In short, your algorithm will, given a users’ post, determine whether the probability that the post is on-topic or the probability that it is off-topic is higher. In math,

\[P(Type = On|Post) > P(Type = Off|Post)\]

\[P(Type = On|Post) \le P(Type = Off|Post)\]

Where \(On\) represents an on-topic post and \(Off\) an off-topic post (the \(|\) should be read as “given”).

In order to calculate and subsequently compare these values, you need to multiply the probabilities that each individual word of the post shows up in a valid and invalid post. We determine these probabilities as follows:

\[P(Type = On|Post) = P(Type = On) \prod_{All\ words} P(Word | Type = On)\]

and

\[P(Type = Off|Post) = P(Type = Off) \prod_{All\ words} P(Word | Type = Off)\]

Here, \(P(Type = On)\) and \(P(Type = Off)\) are just the probabilities that a given post will be on or off, respectively. These probabilities are provided for you in the starter code.

The post will then be labeled as on- or off-topic depending on which of the two probabilities are higher. If the probabilities are equivalent, the moderators want to err on the side of caution and label the post as off-topic.

Once you’ve finished this part, your content moderation accuracy should be at about 90%.

Part 2: The Consequences of Naivety

The algorithm you have just implemented is known as a bag-of-words algorithm. Notice that our algorithm only accounts for the presence of words. It does not account for any order or structure the post may have. Simply put, we consider each post as a random collection, or bag, of words, rather than a structure of words. There are some major downsides to just considering the amount of times a word appears in a certain label, which we will explore soon.

You should have begun to realize that all invalid posts generally have a common theme in their text. Most of them may contain words such as “politics”, “food”, “religion”, and more. However, there may be some cases where we misinterpret some posts as invalid, when in actuality, many would agree that it should be valid. Let’s take a look at one example.

Colin Kaepernick Signs a 6 Year Contract

This post is clearly about sports; it is simply stating that Colin Kaepernick, an NFL quarterback, signed a contract. However, our naive moderation algorithm will likely choose to remove this post. Why does this happen? The answer lies in the training data. Remember, SportIt provided you with a training corpus of off-topic posts. Many of these posts discussed politics, and Colin Kaepernick has been a controversial figure due to his history of kneeling for the national anthem.

Question #1: How may content moderation algorithms unintentionally censor content, and who might it effect in the case of SportIt? What about on other platforms?

Part 3: Introducing Human Content Moderation

It is now time to modify the naive content moderation algorithm to better handle “edge cases”; that is, posts which have aspects of being on-topic and off-topic.
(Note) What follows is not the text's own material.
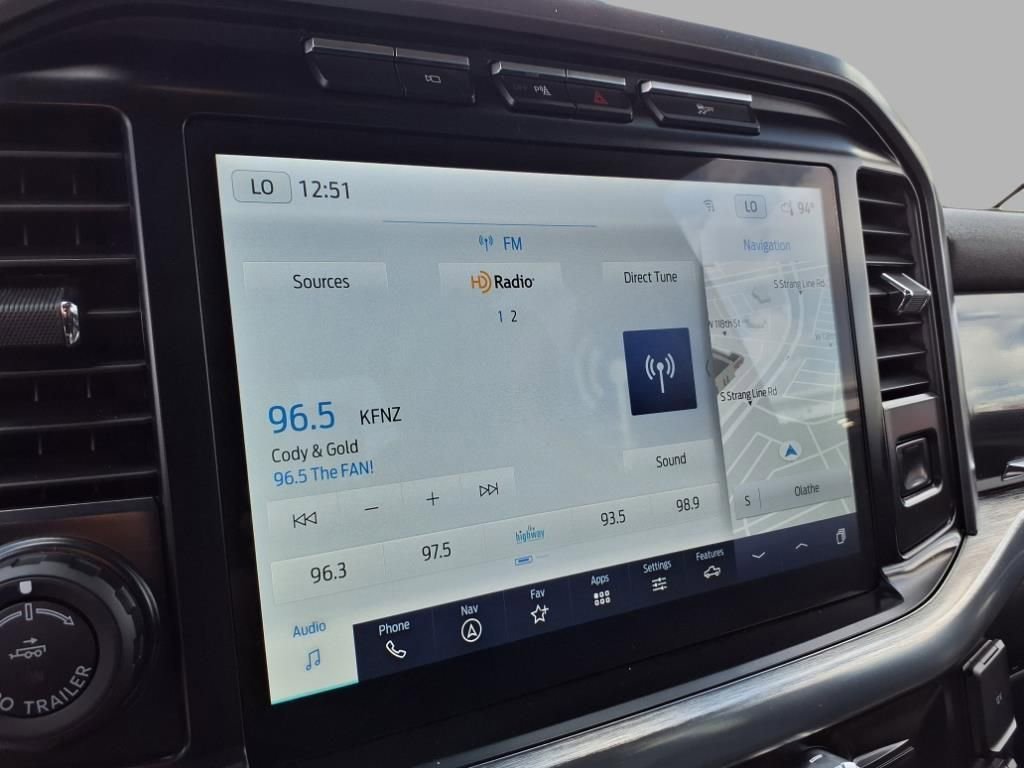 Used 2022 Ford F150 Lariat w/ Equipment Group 502A High image 5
SportIt moderators want you to specifically gather posts whose difference in probability falls within a given threshold and send these posts back to the moderators for human review.
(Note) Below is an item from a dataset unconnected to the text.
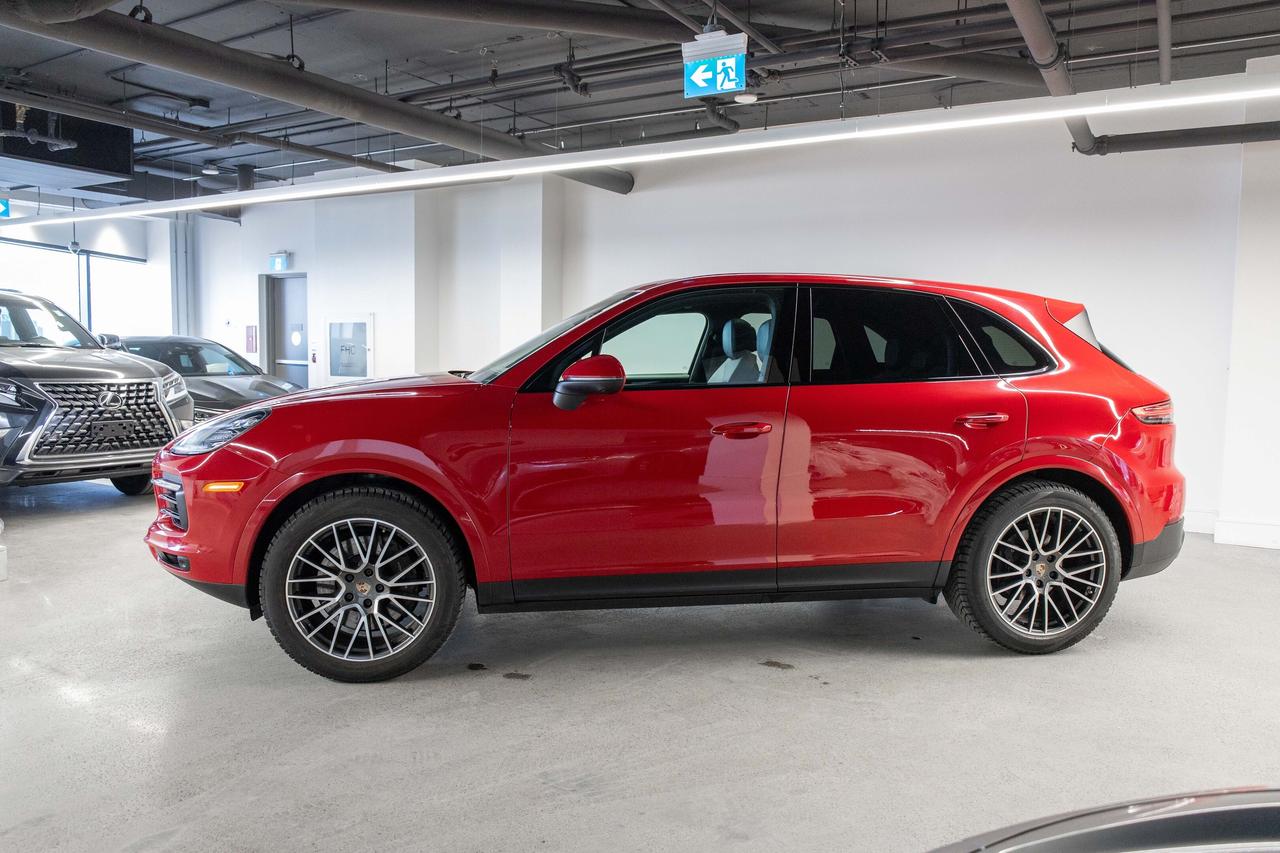 2022 Porsche Cayenne Premium Pkg + RS design Rims Safety Certified Photo2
For clarity, the threshold is defined as: \(|P(Type = On|Post) - P(Type = Off|Post)|\)

Once you’ve wrote the code for calculating the threshold and submitting to human review, try choosing the threshold value yourself. As you do so, analyze what posts are considered as “edge cases” with different values.

Question #1: When it is appropriate to introduce human reviewers into content moderation?

Question #2: Would you consider any of the “edge cases” that your algorithm returned to not be edge cases? Why?

Discussion Questions

Some example questions that could follow the programming component are:

In many cases, content could fall into the valid and invalid category. For example, a post about Colin Kapernick could also talk about kneeling for the national anthem. How should cases where there is no “clear” answer be handled?
How do you balance human review in content moderation? How, if at all, does human review differ if you are a big company or a small one?
Is there an “optimal” way to moderate content? Are there any best practices that any company maintaining UGC could apply?
To what degree should speech be moderated? Should there be legal protections for speech on these platforms?